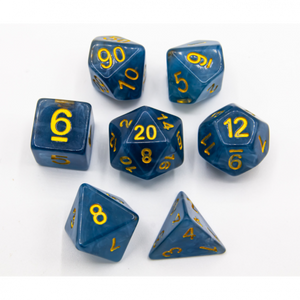 CHC: Blue Set of 7 Jade Polyhedral Dice with Gold Numbers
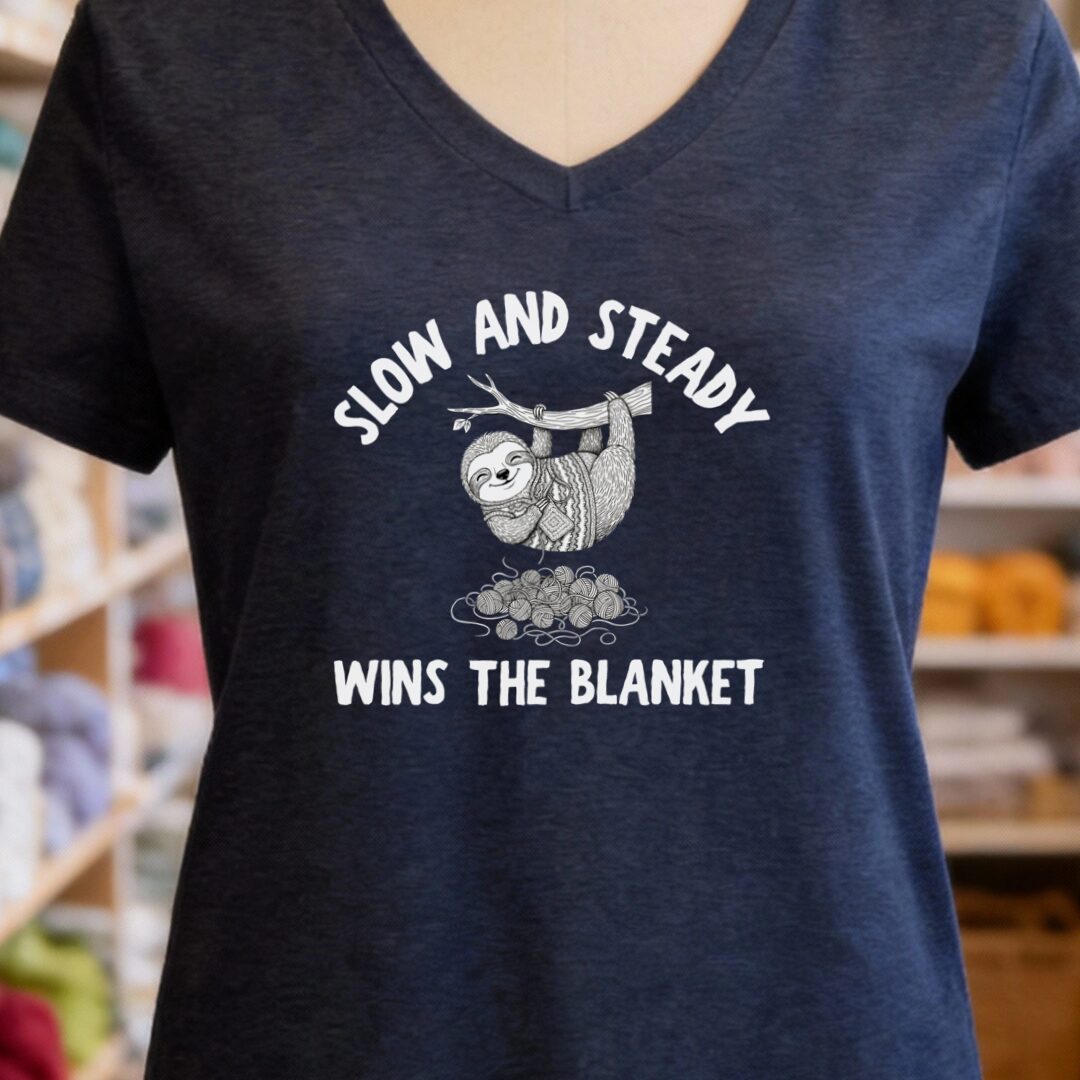 Sloth Blanket V-Neck T-Shirt Navy t-shirt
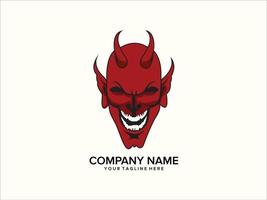 red and spooky red and scary devil head symbol logo vector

#### [EXERCISE PROMPT]
Print every line of the listing exactly, please, and leave the images out.

#### [SOLUTION TO THE EXERCISE]
 CHC: Blue Set of 7 Jade Polyhedral Dice with Gold Numbers
 Sloth Blanket V-Neck T-Shirt Navy t-shirt
 red and spooky red and scary devil head symbol logo vector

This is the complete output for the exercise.